Comment encourager cette prise de conscience par un management responsable des acheteurs ?
André Sépaniak : Dès lors que l'on veut accorder de la place à l'innovation responsable, il est essentiel d'offrir aux personnes un espace de liberté et de leur reconnaître un droit à l'erreur. Il faut être porteur d'une vision et la faire partager tout en encourageant la prise d'initiative.
Cela passe notamment par le développement des "soft skills" des acheteurs car l'empathie ou la capacité de conviction sont des qualités qui vont au-delà de compétences rationnelles. Comme pour d'autres fonctions, nous utilisons, lors des entretiens de recrutement, une grille d'analyse où savoir-faire et savoir-être sont évalués à part égale.
La co-création et la "crowd innovation" sont-elles à la portée des acheteurs ?
Xavier Pavie : Pour cela, il faudrait que les achats sortent de leur posture de fonction support où leur hiérarchie les enferme et dans laquelle ils se laissent aussi eux-mêmes trop souvent emprisonnés. Selon moi, ils ne sont pas encore assez innovants. Cependant, l'innovation ne se décrète pas du jour au lendemain. La co-innovation en particulier passe par l'établissement de liens entre les dimensions sociales, sociétales et professionnelles de leur métier.
Les achats connaissent aujourd'hui la même problématique que la fonction RH : il y a 20 ans, c'était souvent à d'anciens militaires que l'on confiait des fonctions d'encadrement sans être véritablement associés à la stratégie d'entreprise. Aujourd'hui, les DRH siègent aux comités de direction... Les paramètres déterminants de cette mue seront leur formation, leur expérience et leur curiosité vis-à-vis de leur écosystème interne et externe.

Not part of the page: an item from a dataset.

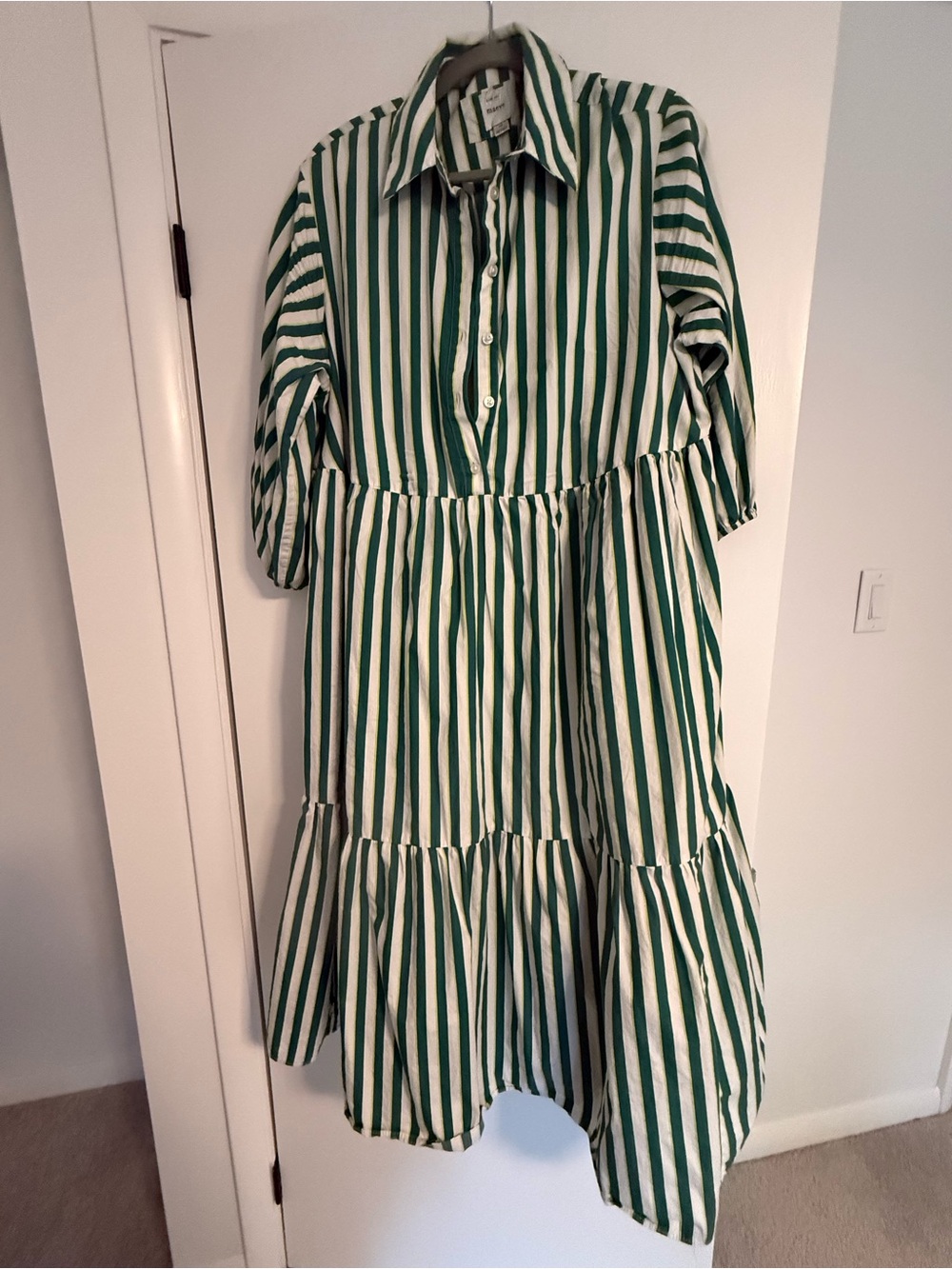 Maeve Green and White Striped Midi Shirt Dress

Les étudiants en masters achats, par exemple, doivent s'approprier la boîte à outils qu'ils viennent chercher pendant leur formation. Une fois en stage, à eux d'expérimenter grandeur nature ce que peut être l'innovation en testant son écosystème et en refusant d'être affecté à un environnement trop défini. C'est cette ouverture qui leur permettra également de mieux comprendre la nécessité de considérer les problématiques sociales, environnementales, politiques et, ainsi, faire de l'acheteur le relais naturel de l'innovation responsable. Cette dimension donnera aussi à leur métier une aura plus positive.

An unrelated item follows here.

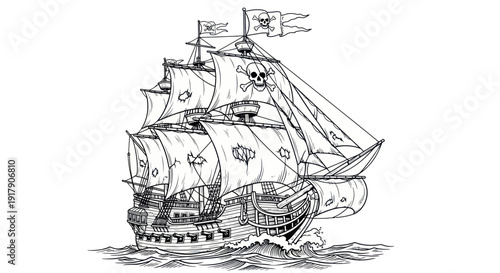 Vintage Pirate Ship Sailing on the Ocean Waves, Nautical Adventure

André Sépaniak : Nous avons déjà lancé des expérimentations sur le sujet de la transition numérique avec nos collaborateurs et nos clients (plateforme collaborative Twitter "@SG_etVous") et un séminaire sur les achats et la transition numérique s'est tenu le mois dernier.
Faire de la "crowd innovation", c'est-à-dire finalement mobiliser de l'intelligence de manière spontanée, n'est pas encore une réalité. Nous en sommes encore à du co-développement en one-to-one avec quelques fournisseurs stratégiques.
Néanmoins, nous travaillons en co-construction avec eux sur l'établissement d'un cadre définissant la propriété intellectuelle des innovations, leur rémunération et leur contractualisation en tenant compte de leurs enjeux et motivations spécifiques.